▶ _EXERCISE BRIEF_
Only one stretch of the data should be retyped: the lines from the line containing "C Women A-Line" through the line containing "Cow silhouette filled". Keep pictures out of it.

▶ _DATA PROVIDED_
============================================================

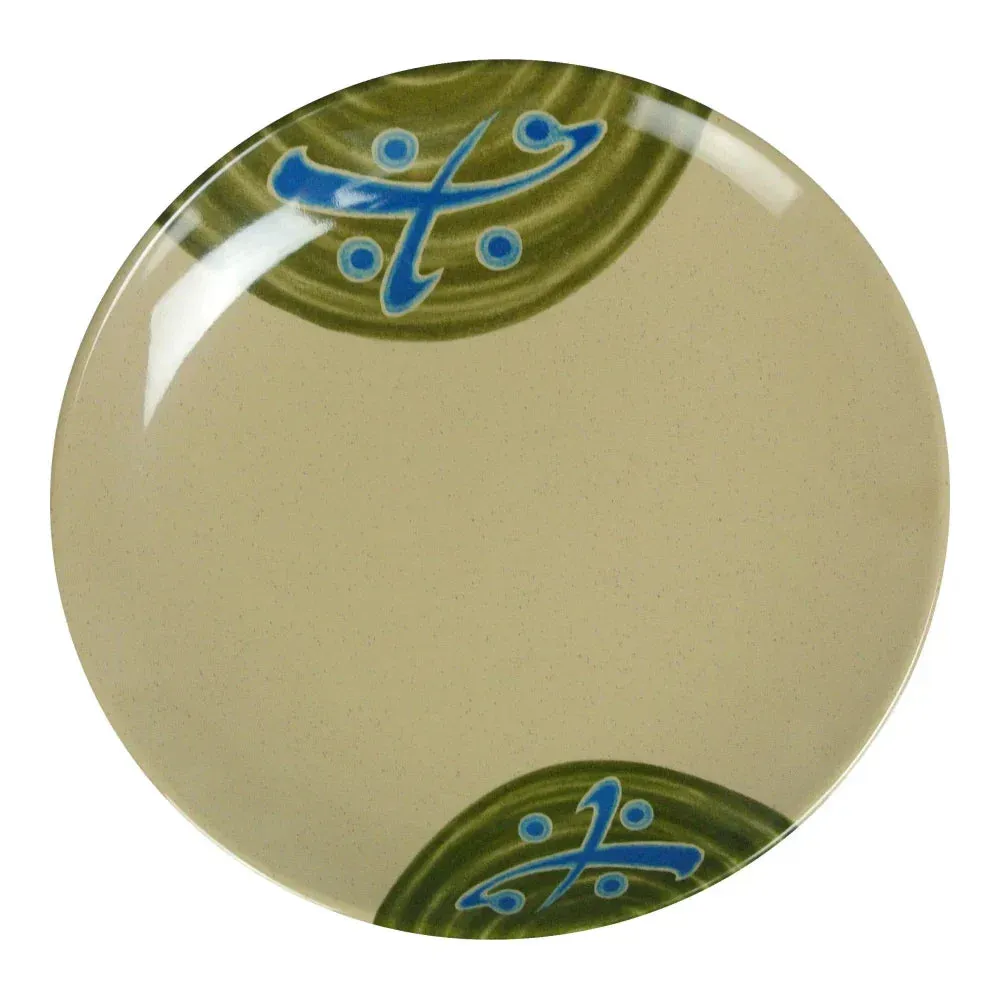Yanco China generous round plate in sand melamine, for shared entrées or family-style service in modern Japanese restaurants or catered gatherings.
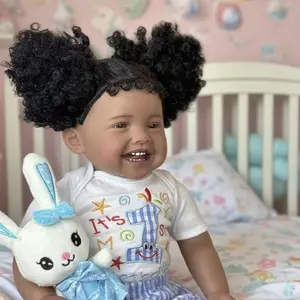 TopLink 24in (60cm) Reborn Baby Doll, Handmade Black Cute Smiling Simulation Doll with Soft Vinyl Head & Limbs, Cloth Body, Implanted Hand-Rooted Hair, High-Grade Acrylic Eyes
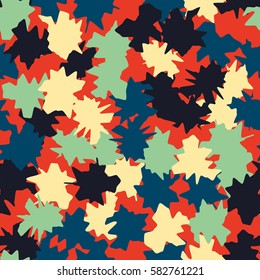 Seamless pattern. Ragged spots. Chaotic spread. Random order. Fashion camouflage. Flat. Grunge.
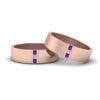 Load image into Gallery viewer, matte-finish-wedding-diamond-rings-for-gay-with-violac-topaz-in-14K-rose-gold-FDLG8111BGVITO-NL-RG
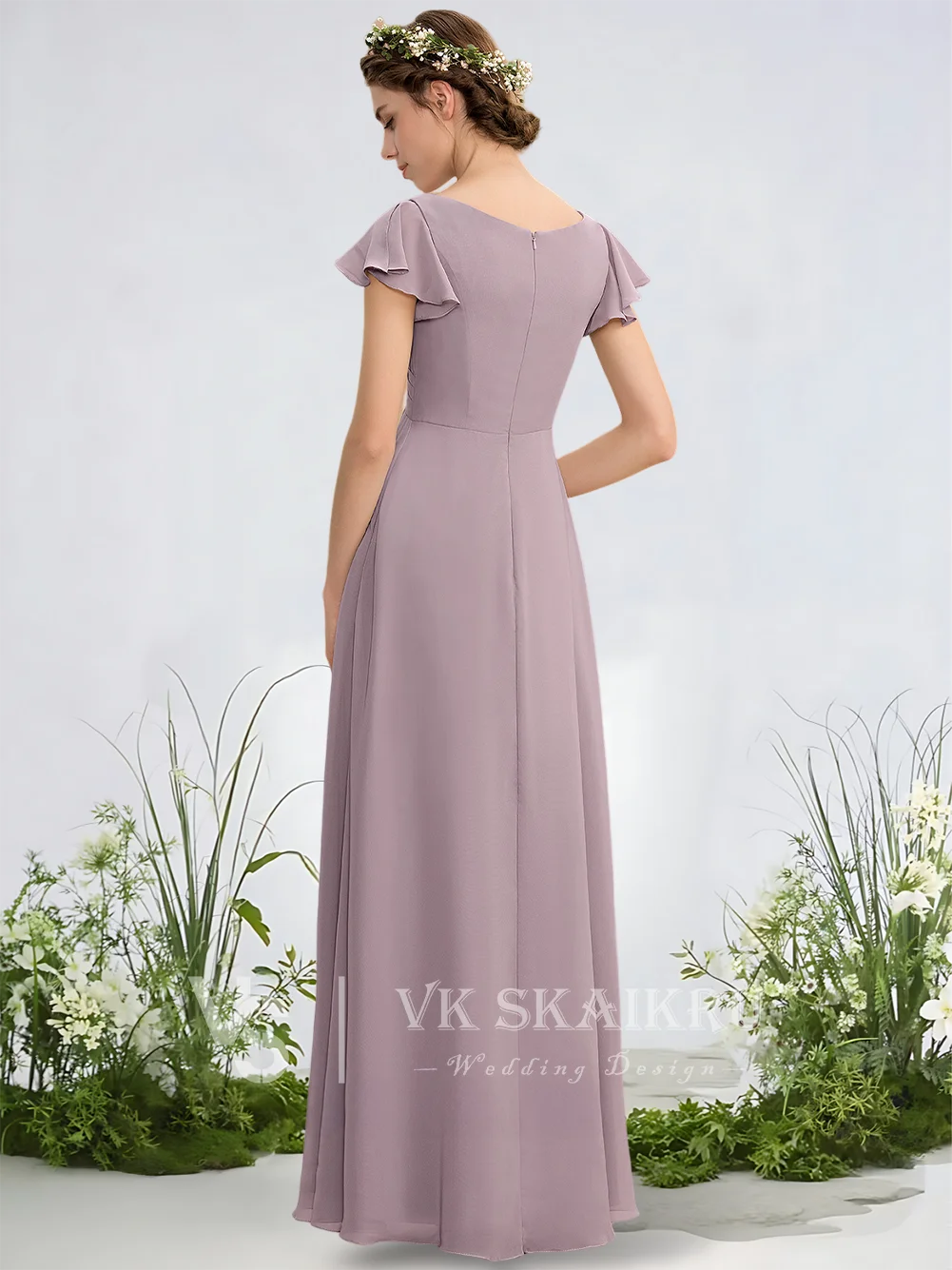 

C Women A-Line Bridesmaid Dresses Frosted Lilac V-Neck Floor-Length Chiffon Garden Gala Wedding Party Gown Cascading Ruffles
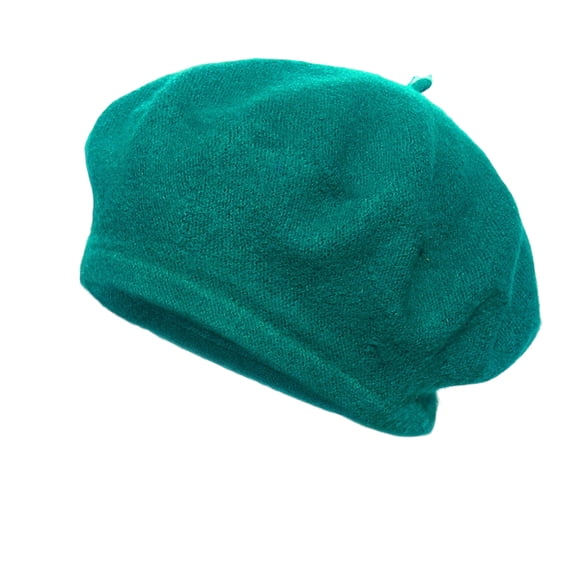 Women's Beret Hat French Style Artist Cap Solid Color Casual Classic Berets Dark Green One Size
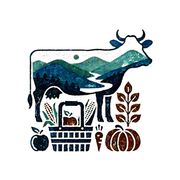 Cow silhouette filled with mountain scene, surrounded by harvest: basket, vegetables, and fruit.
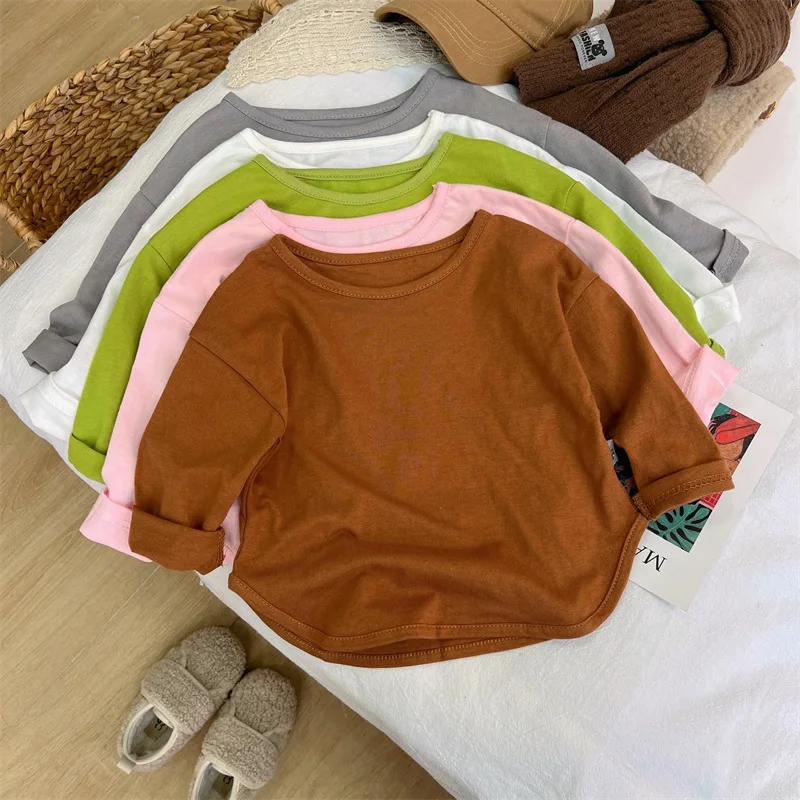 1pcs Spring Autumn Children's Pure Cotton Long Sleeve T-shirts Solid Color Boys Girls Tops Kids Baby Leisure Tee Student Clothes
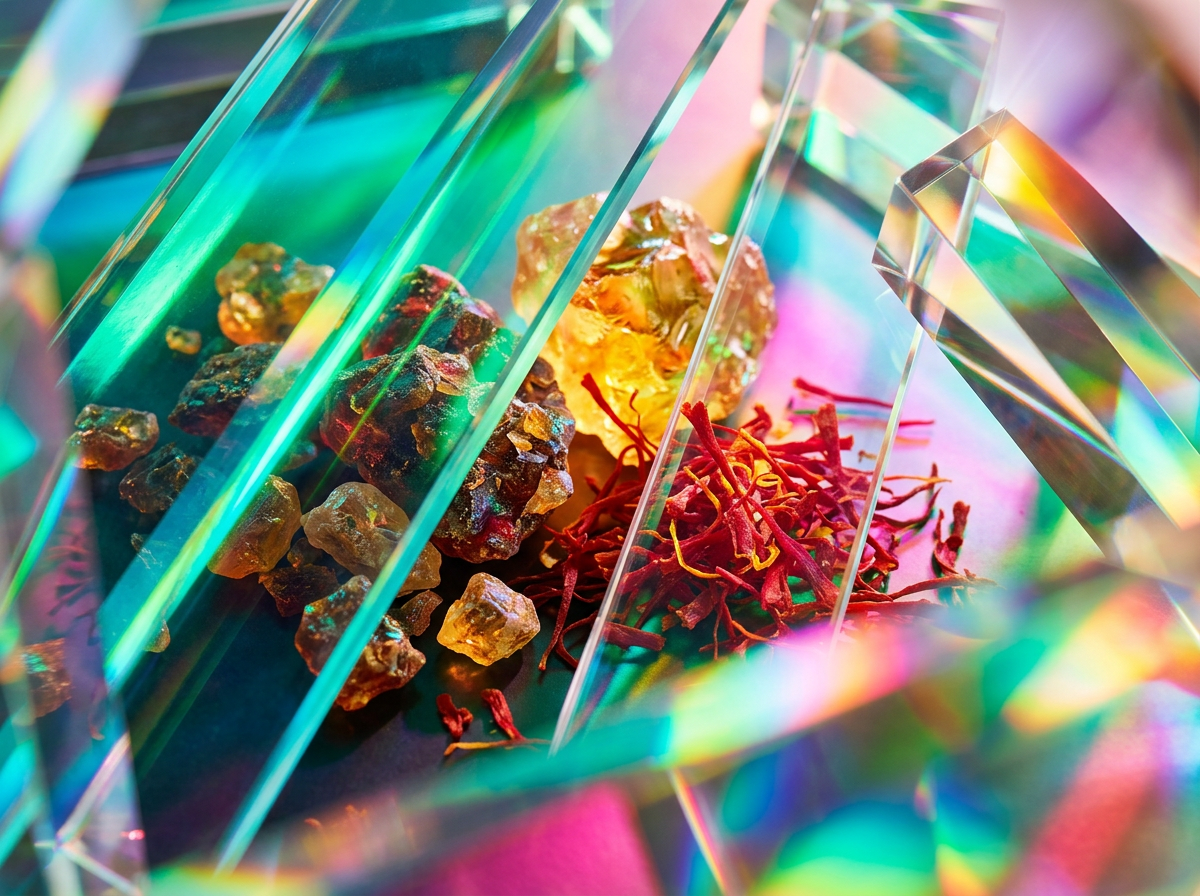 Artisanal perfume bottles in a sunlit spring setting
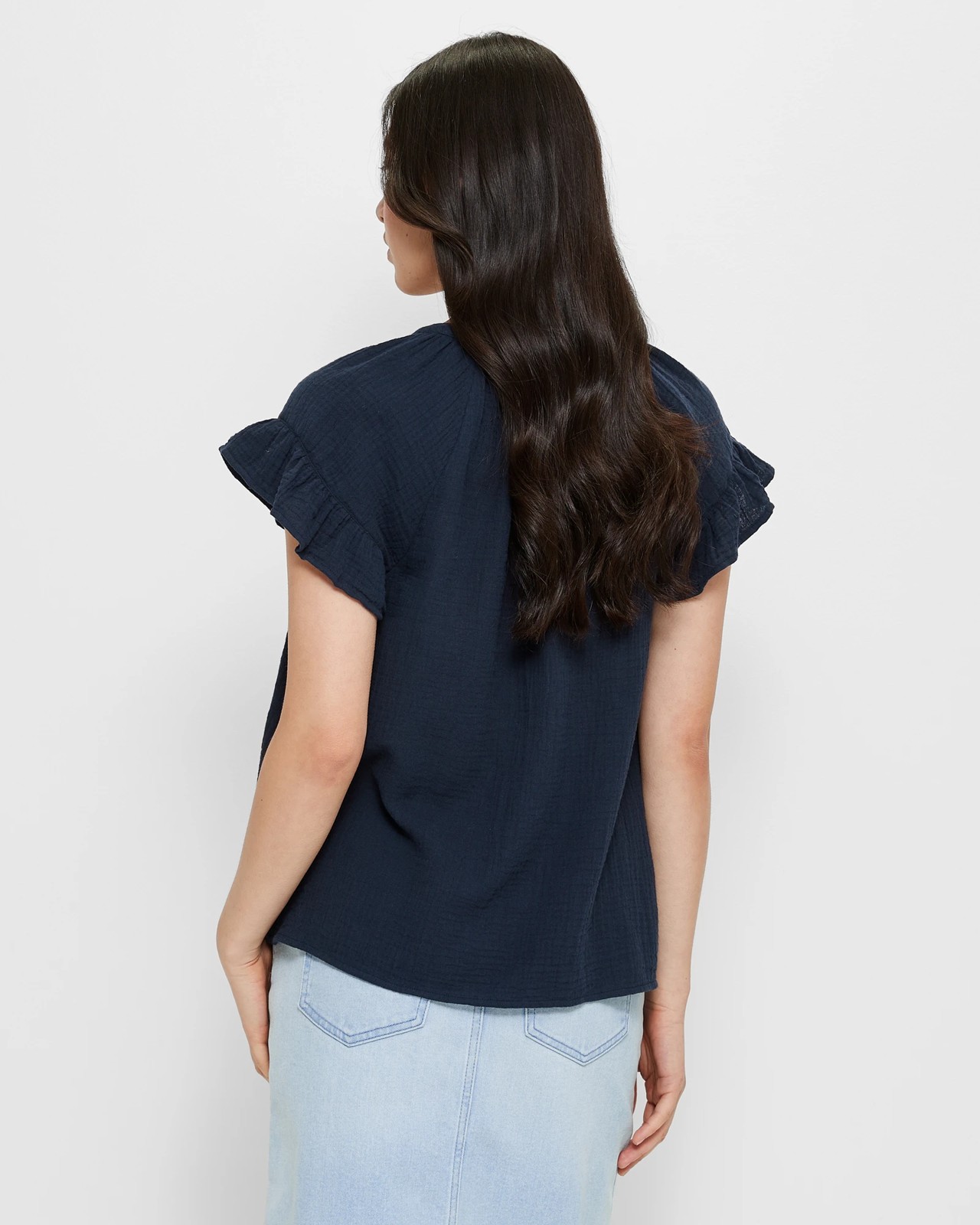 Double Cloth Flutter Sleeve Blouse 4 of 5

============================================================

▶ _COMPLETED EXERCISE_
C Women A-Line Bridesmaid Dresses Frosted Lilac V-Neck Floor-Length Chiffon Garden Gala Wedding Party Gown Cascading Ruffles
 Women's Beret Hat French Style Artist Cap Solid Color Casual Classic Berets Dark Green One Size
 Cow silhouette filled with mountain scene, surrounded by harvest: basket, vegetables, and fruit.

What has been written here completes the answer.